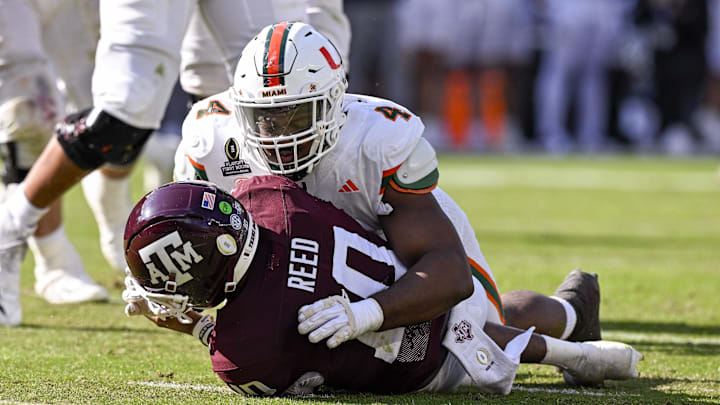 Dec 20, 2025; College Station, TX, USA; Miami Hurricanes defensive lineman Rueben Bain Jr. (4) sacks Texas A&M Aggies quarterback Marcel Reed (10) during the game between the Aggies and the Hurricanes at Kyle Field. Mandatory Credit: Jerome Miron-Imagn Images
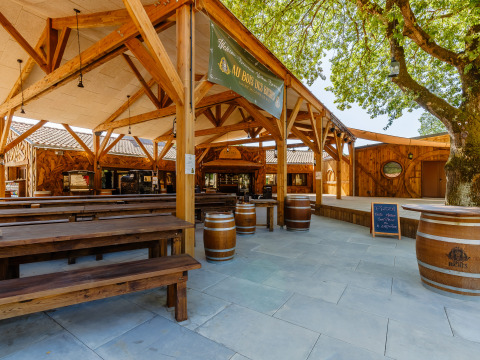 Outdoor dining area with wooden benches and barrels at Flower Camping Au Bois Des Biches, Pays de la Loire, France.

##############################

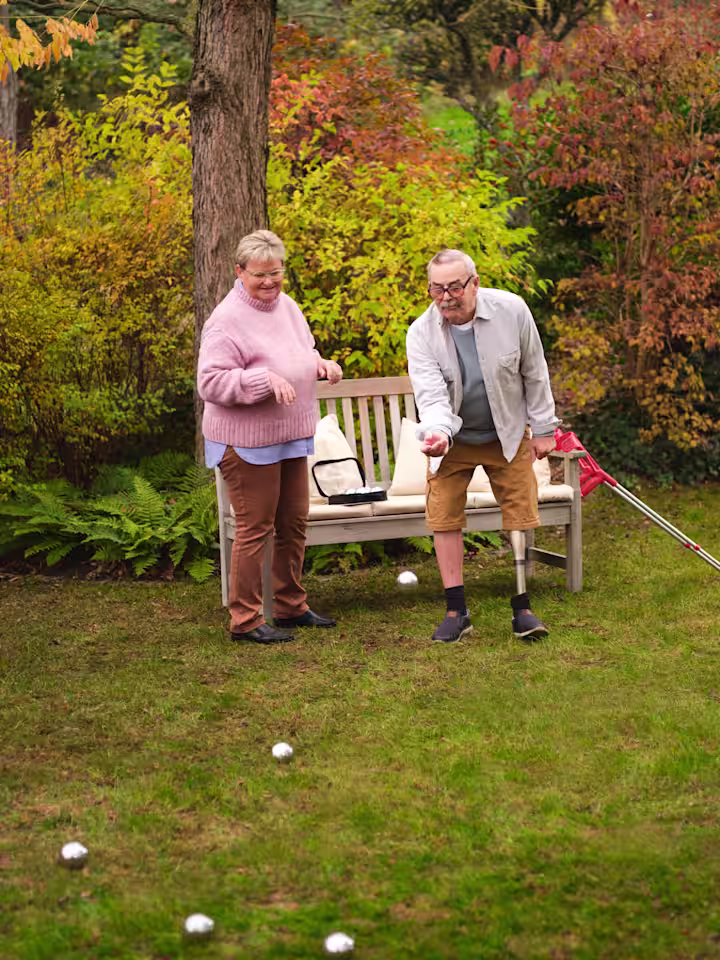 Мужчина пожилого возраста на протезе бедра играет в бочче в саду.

##############################

**What the task asks**
With the pictures omitted, copy exactly the lines of the listing above starting at the line containing "Dec 20, 2025;" and ending at the line containing "Outdoor dining area", both included.

**Response to the exercise**
 Dec 20, 2025; College Station, TX, USA; Miami Hurricanes defensive lineman Rueben Bain Jr. (4) sacks Texas A&M Aggies quarterback Marcel Reed (10) during the game between the Aggies and the Hurricanes at Kyle Field. Mandatory Credit: Jerome Miron-Imagn Images
 Outdoor dining area with wooden benches and barrels at Flower Camping Au Bois Des Biches, Pays de la Loire, France.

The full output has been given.